By Shamindra Ferdinando
Contrary to reports, none of the Sri Lankan Tamils who paid $ 40,000 to $ 50,000 each for passage to Canada are ex-LTTE combatants involved in Eelam war IV.
Authoritative military officials say the LTTEers had no way of escaping the advancing army on the Vanni (east) front early last year by taking a boat due to heavy naval presence backed by 24-hour monitoring by the SLAF and navy technical sources.
The navy had over a hundred craft ranging from small boats and Fast Attack Craft to Offshore Patrol Craft deployed off Mullaithivu to thwart attempts by the LTTE to flee, a senior official said.
Responding to a query by The Island, the official who had been involved in naval operations on the Mullaithivu seas, said had there been the slightest chance, the LTTE leadership would have escaped. "We captured Sea Tiger leader Soosai’s wife as she was trying to reach the Indian waters less than four days before the final battle on the banks of the Nanthikadal lagoon," he said, urging the Canadian government not to be deceived by human smugglers.
Since the conclusion of the war in May last year several ship/boatloads of Sri Lankan Tamils have reached Australia, Indonesia and Canada.
Sri Lankan sources said that even if LTTE cadres had managed to leave Sri Lanka through the Bandaranaike International Airport using forged travel documents, they could not have raised $ 40,000 to $ 50,000 each for their passage. Sources emphasised that almost all the passengers of MV ‘Sun Sea’, now seeking political asylum in Canada had left Sri Lanka years ago and most probably were not involved in LTTE terrorism.
Intelligence sources told The Island that the 59-metre cargo ship MV ‘Sun Sea’, which had been especially modified to accommodate about 500 persons left Thailand three months ago. "The vessel came from the Gulf of Thailand, between the Philippines and Japan and then straight across the ocean and following a similar, but not exactly the same, route as the ‘Ocean Lady’," a senior official said.
The MV ‘Ocean Lady’ was a migrant smuggling vessel that reached Canada’s West Coast in October, 2009 with 76 aboard, all Sri Lankans.
The official said that the ‘Ocean Lady’ (formerly ‘Princess Easwary’) after a stop in Mumbai on Aug. 31, 2009 had sailed from northwestern Indian port of Mundra on September 8, 2009. All of them were released in batches. The Sri Lankan navy said that MV ‘Ocean Lady’ had been one of the LTTE vessels used to carry arms, ammunition and equipment during the war.
He said that the LTTE rump was behind the ongoing human smuggling operations driven by profit motives.
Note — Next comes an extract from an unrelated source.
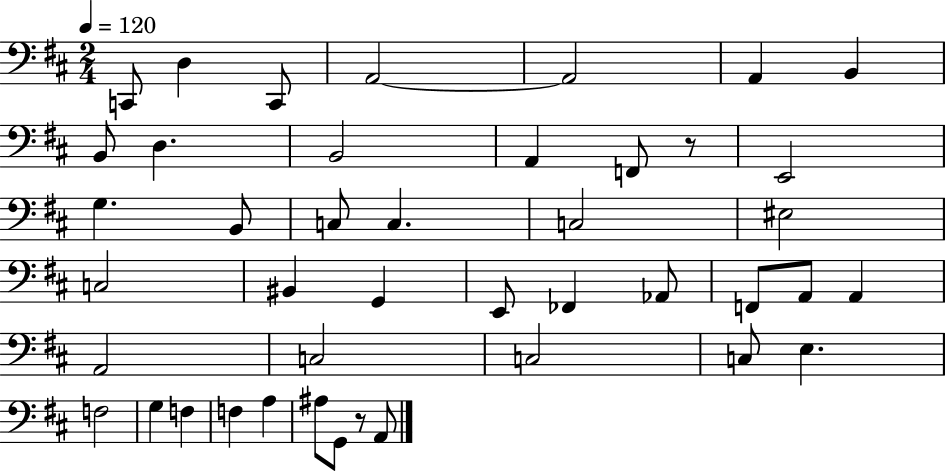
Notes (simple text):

C2/e D3/q C2/e A2/h A2/h A2/q B2/q B2/e D3/q. B2/h A2/q F2/e R/e E2/h G3/q. B2/e C3/e C3/q. C3/h EIS3/h C3/h BIS2/q G2/q E2/e FES2/q Ab2/e F2/e A2/e A2/q A2/h C3/h C3/h C3/e E3/q. F3/h G3/q F3/q F3/q A3/q A#3/e G2/e R/e A2/e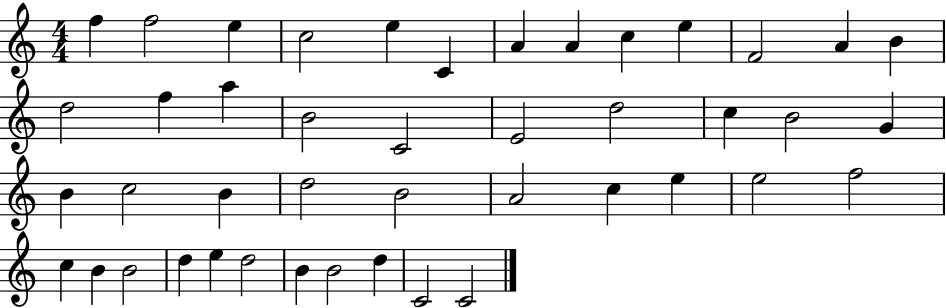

"In fact, the ‘Sun Sea’ itself was modified in order to make this trip and maximize the number of persons to be transported and maximise the attendant the profits."
Although a section of the international press says MV ‘Sun Sea’ had planned to reach Australian waters before the Australian government warned them not to come, sources said that human smugglers always targeted Canada due to its slack immigration laws.
Sources said that there were over 50 children among the new arrivals. Had the Canadians bothered to talk to children, they would have known the truth, sources said.
One of the nearly 500 Tamil migrants had died just weeks before the ship arrived off the British Columbia coast, the Canadian press reported on Sunday.
Sri Lankan officials expressed confidence that Canada would follow the Australian example by tightening immigration laws. Australia recently declared that asylum seekers from Sri Lanka and Afghanistan were not welcome and went to the extent of freezing the processing of their applications.
A senior official said that the Canadians could accommodate any number of illegal immigrants and subsequently give them voting rights. That is their prerogative but not at Sri Lanka’s expense, he said, emphasising that the war had ended 14 months ago.
Sources said that human smugglers had the support of some Tamil organisations based in Canada, who exploited lax Canadian laws. They also had the support of a section of the politicians and officials to bring in more economic refugees.